Through three games, here's the averages and the raw data for our non-field goal units:
|Net Kick||Net Punts||Opp. Kick||Opp. Punt|
One thing I did not include above is the fact that the Gamecocks are actually at an even turnover margin on special teams this year, as North Carolina muffed a punt and the Georgia punter completely botched a punt attempt of his own (I did not count that in opp. net punting, which would obviously change the numbers somewhat).
The summary is this - on kickoffs, are opponents are gaining one additional yard per kick than we are, which is nothing in the grand scheme of things. However, our punt coverage and punt returns have been very weak so far, and there's a marked field position discrepancy based on it.
As Bill Connelly showed in his advanced box score, despite the Gamecocks domination on offense and defense, they ran over 50 percent of their players on our side of the field, whereas we only ran 36 percent of our players on Vandy's side. This happened in large part because Vandy gained almost 45 yards a punt, whereas we only added 29 net yards when Tyler Hull went back to kick. Kickoffs were also an issue, as the Commodores netted an average of 45 yards per kickoff (a touchback results in a mere net 40 yards), while we gained an average of 40 yards.
What Drives This?
South Carolina has been weak in special teams for each of the past 6 seasons, with no marked signs of improvement this year.
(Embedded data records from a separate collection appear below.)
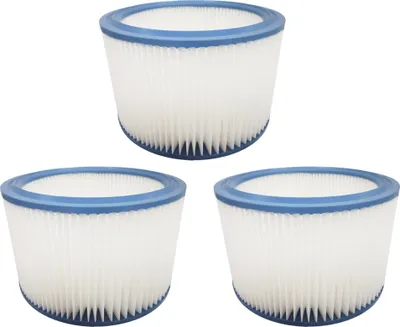 Produktbild von 3x Patronen-Filter / Ersatzfilter / Faltenfilter / Luftfilter für Nilfisk Attix 550-01 550-11 550-21 550-2M 751-11 751-21 791-21 751-2M 30-01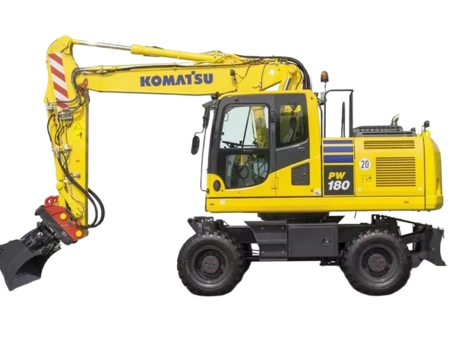 Аренда колесного экскаватора Komatsu PW180-7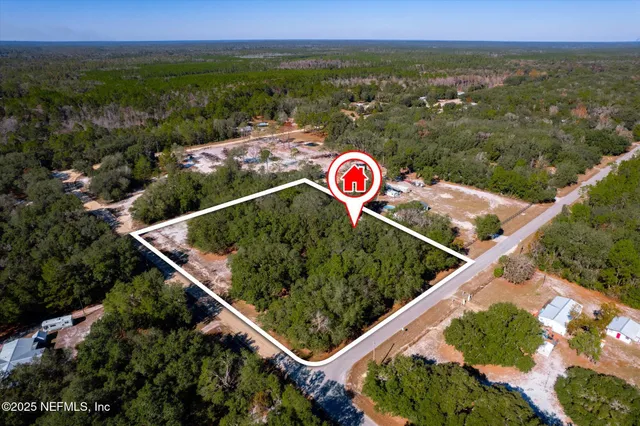 an aerial view of multiple house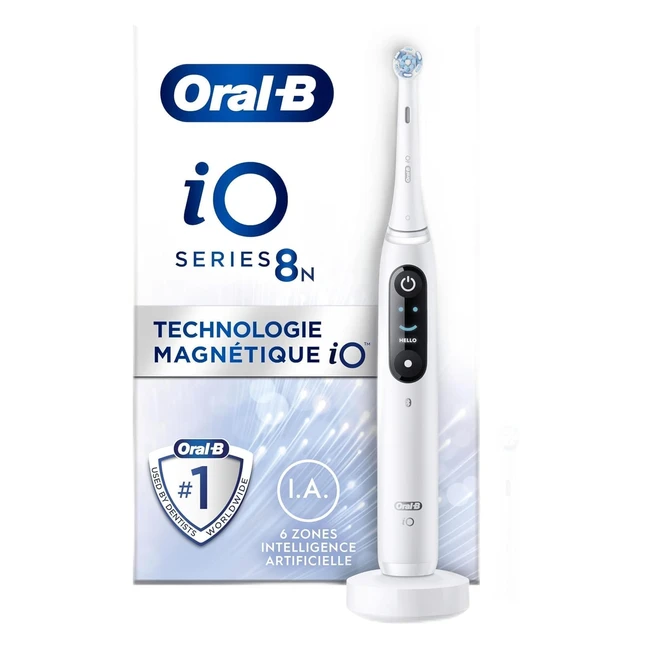 OralB io 8N Brosse  Dents lectrique Blanche Connecte Bluetooth - Ensemble 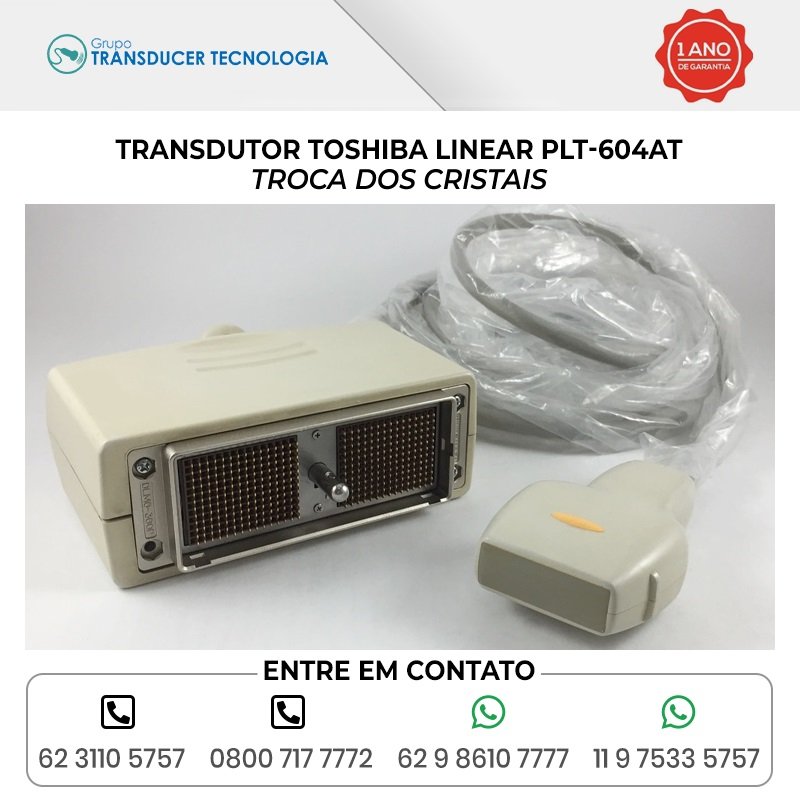 TROCA DOS CRISTAIS TRANSDUTOR TOSHIBA LINEAR PLT 604AT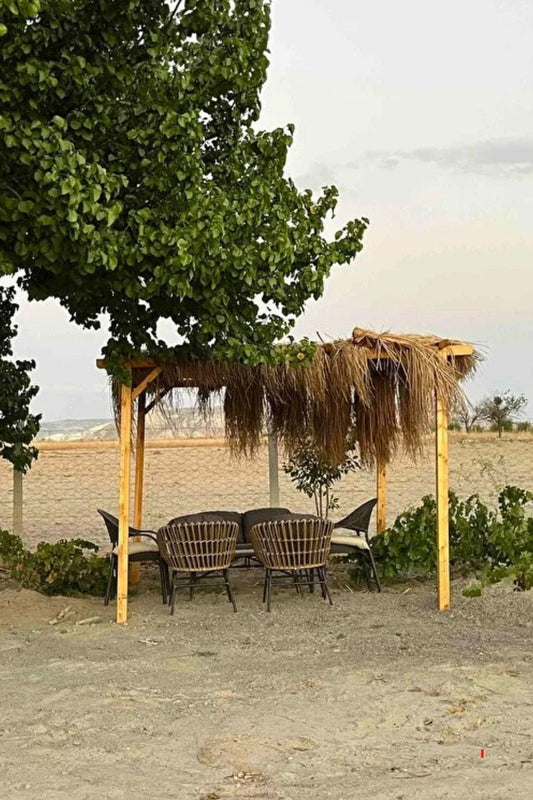 Loolpi Home Ahşap Pergole Çardak Bahçe Tentesi Kamelya Metal Montaj Ayakları Hediye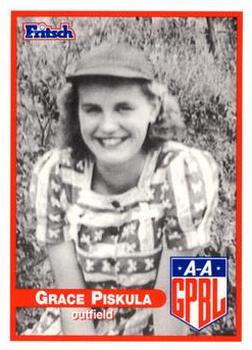 2000 Fritsch AAGPBL Series 3 #393 Grace Piskula Front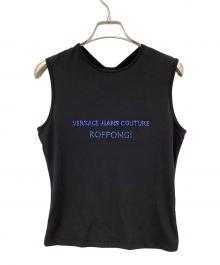 VERSACE（ヴェルサーチェ）の古着「タンクトップ」｜ブラック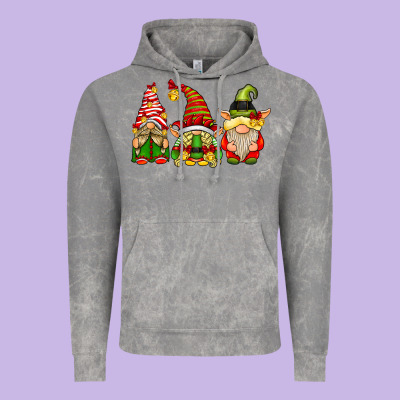 Elf Gnomes Vintage Hoodie Designed By Cowhidedigitalart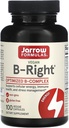 Fórmulas Jarrow B-direita - Baixa Odor Fórmula Complexa de Vitamina B - Suporte de Energia e Metabolismo - Promove o Cérebro, Coração e Saúde Cardiovascular - 100 Servimentos (Pacote de 1)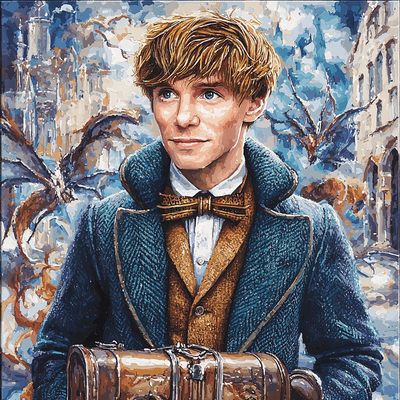 Eddie Redmayne: Navigating Magic And Minds Paint By Numbers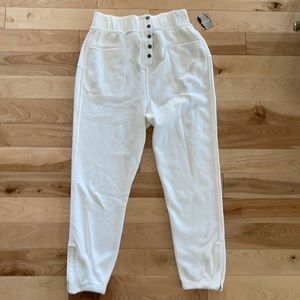 Free People Hop To It Harem Pants White XS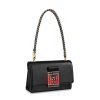 Louis Vuitton LV Women Pochette LV Thelma in Grained Calfskin Leather-Black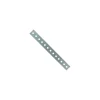Ferramenta Per Esterno|Piastrina dritta forata 300 x 20 spessore 2 mm.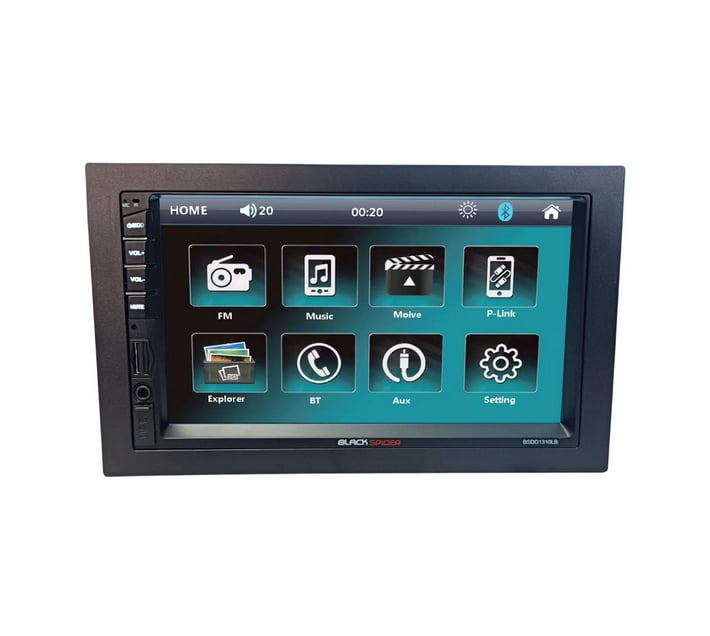 Blackspider BSDD1310LB 2 Din USB Bluetooth (Long Base) Media Player Makro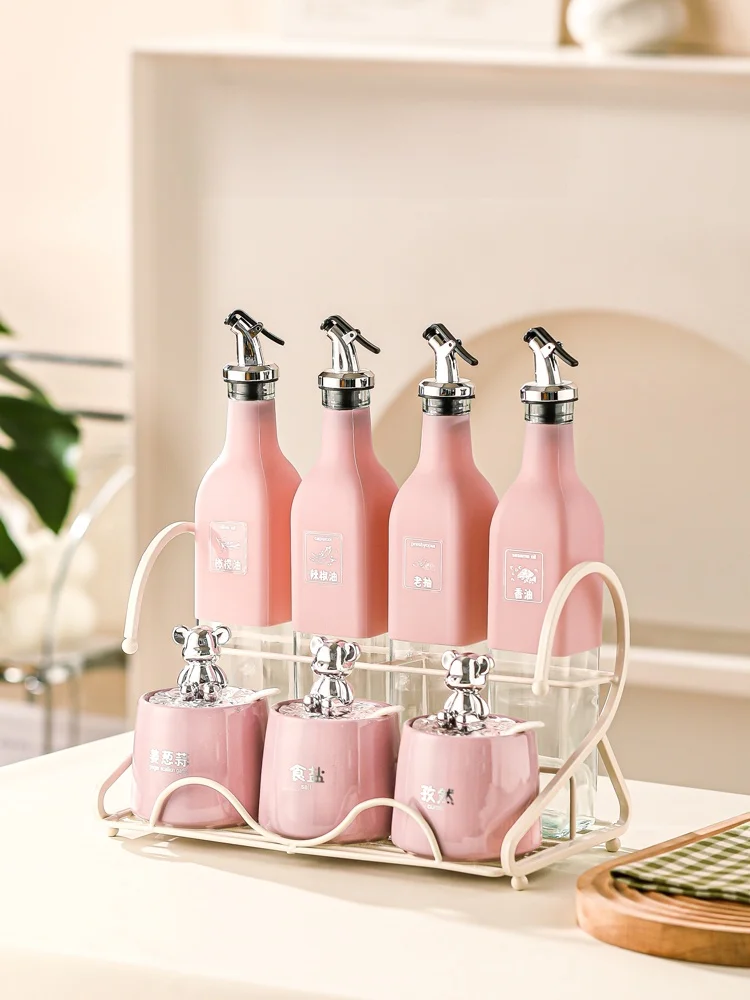 

Набор контейнеров для хранения на кухне: высококачественные новые цилиндрические емкости для специй, соли и приправ для домашнего использования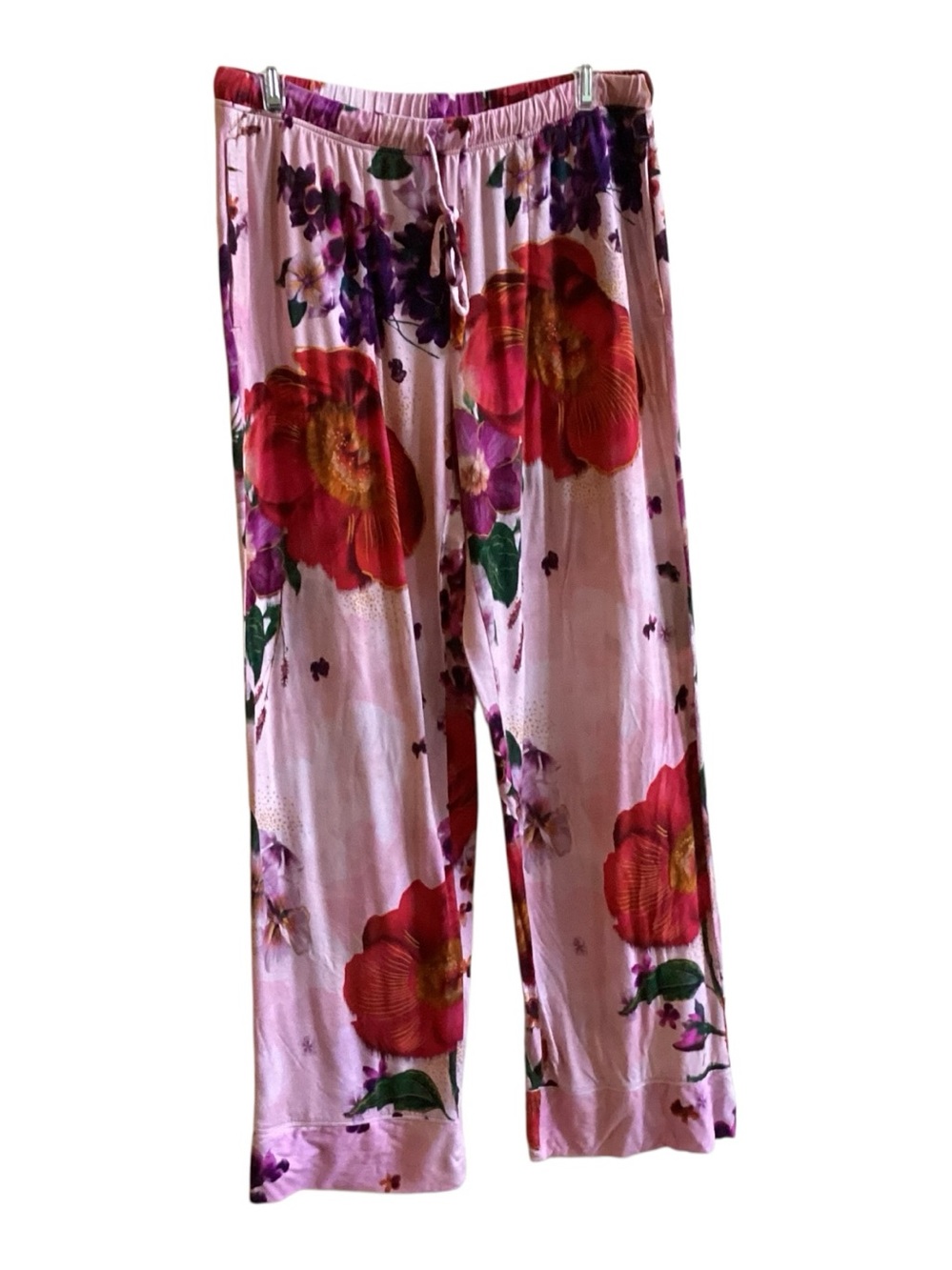 Soma Floral Wide-Leg Cool Nights Lounge Sleep Pants size S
Further, as we can see from the Joe Robinson chart, this isn't something that necessarily changes based on your special teams coach, as Robinson had great success at LSU, but that success was sustained without him, and it hasn't translated in either of his other two seasons as a special teams coordinator (though I'd have to do a far more robust analysis to see if this is something that holds true across college football, or if it's just a quirk of Joe Robinson).
However, based on this limited data, I'm inclined to think that certain programs prioritize this as a matter of coaching (and since we have the data, I may tease this out in a later post). This much is clear - our special teams coordinator has changed many times in the last 6 seasons, but the performance has never been exceptional. This is an area where improvement is possible and returns could make the difference between some very important wins and losses, starting this week in Orlando. Let's hope the team, Robinson, and Spurrier get together and get it fixed during the bye week, so we don't look back with regret on a game (and season) lost by special teams, as we somewhat still do at the Florida game in 2012 which cost us a trip to Atlanta and a potential shot at a national championship.